Researchers have uncovered how the interaction between an essential protein and an endolysosomal ion channel contributes to tumor growth in skin cancer.
LMU researchers have unveiled the mechanisms through which a crucial protein and an endolysosomal ion channel work together to foster tumor development in skin cancer.
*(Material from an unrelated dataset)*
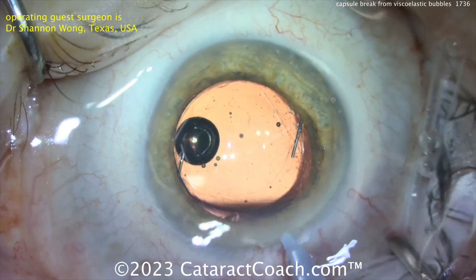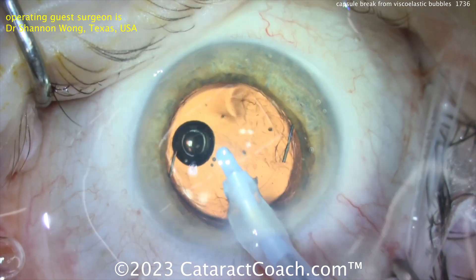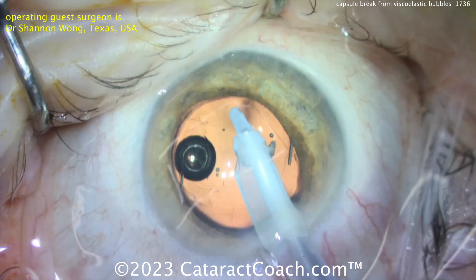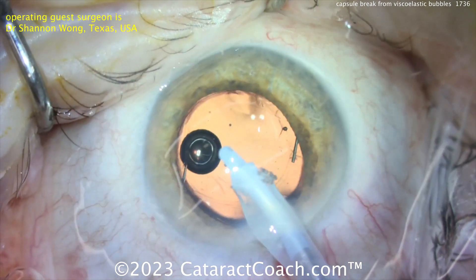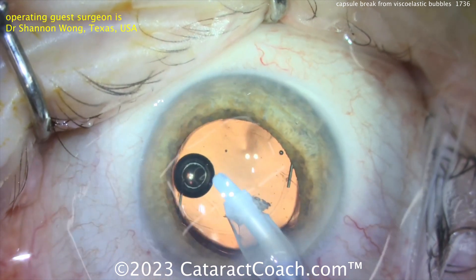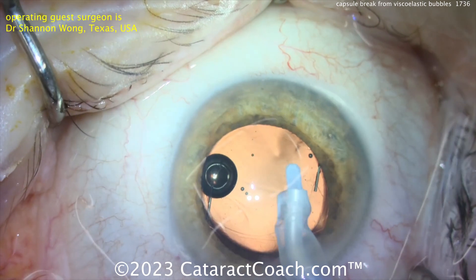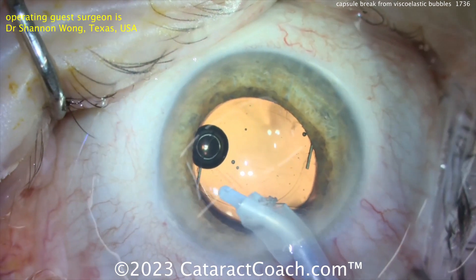For what to do differently at the machine: decrease the flow settings — cut the flow in half, cut the vacuum in half, so maybe 200 mmHg vacuum, maybe 250 mmHg, and about 25–30 cc/min aspiration flow rate, then wash that out carefully. At the end when you pull the probe out of the eye, don't let the anterior chamber collapse. This patient will do very well and the lens will be stable for life.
Melanoma, which originates from pigment-producing cells called melanocytes, is the most lethal type of skin cancer. One of the primary culprits of melanoma is excessive exposure to ultraviolet (UV) light—whether from the sun or artificial sources—which can lead to mutations that facilitate tumor growth. A research team spearheaded by LMU pharmacologist Professor Christian Grimm from the Walther Straub Institute of Pharmacology and Toxicology, along with Dr. Karin Bartel from the Faculty of Chemistry and Pharmacy, has delved into the molecular processes behind tumor formation. Their research indicates that the collaboration between two proteins—the ion channel TPC2 and the enzyme Rab7a—plays a critical role in enhancing melanoma growth and its spread.
Research has revealed that certain mutations that enhance TPC2 activity are linked to traits such as fair skin, blond hair, and albinism. These characteristics increase a person’s vulnerability to melanoma since their skin is less capable of shielding against harmful UV radiation. In contrast, a lack of TPC2 is connected to a lower risk of melanoma. TPC2 is responsible for facilitating the breakdown of crucial proteins within endolysosomes—cell components involved in transport and degradation—thereby influencing the signaling pathways that govern tumor growth.
Molecular pathways affecting tumor advancement
Similar to TPC2, Rab7a is a significant regulator of the endolysosomal system. Previous proteome analyses have indicated that Rab7a might interact with TPC2. Utilizing advanced techniques like endolysosomal patch-clamp electrophysiology and fluorescence microscopy to measure lysosomal calcium release, the researchers confirmed that Rab7a and TPC2 do interact functionally, which facilitates both the growth and invasiveness of melanoma cells. Furthermore, inhibiting Rab7a pharmacologically resulted in reduced TPC2 activity, consequently slowing melanoma growth.
“Our findings illustrate that Rab7a, by boosting TPC2 activity, is crucial in regulating tumor growth,” states Grimm. “Specific activation of TPC2 by Rab7a lowers the levels of a particular protein that enhances the stability of a transcription factor vital for melanocytes and melanomas, thereby promoting their growth and survival.”
A particularly significant discovery made by the researchers was that the effects of the Rab7a and TPC2 interaction could be observed in living organisms. In mouse models of melanoma lacking either Rab7a or TPC2, researchers noted a significant reduction in tumor size and metastasis. “The relationship between Rab7a and TPC2 could lead to innovative therapeutic approaches targeting the specific signaling pathways that drive melanoma growth and spread,” Grimm concludes.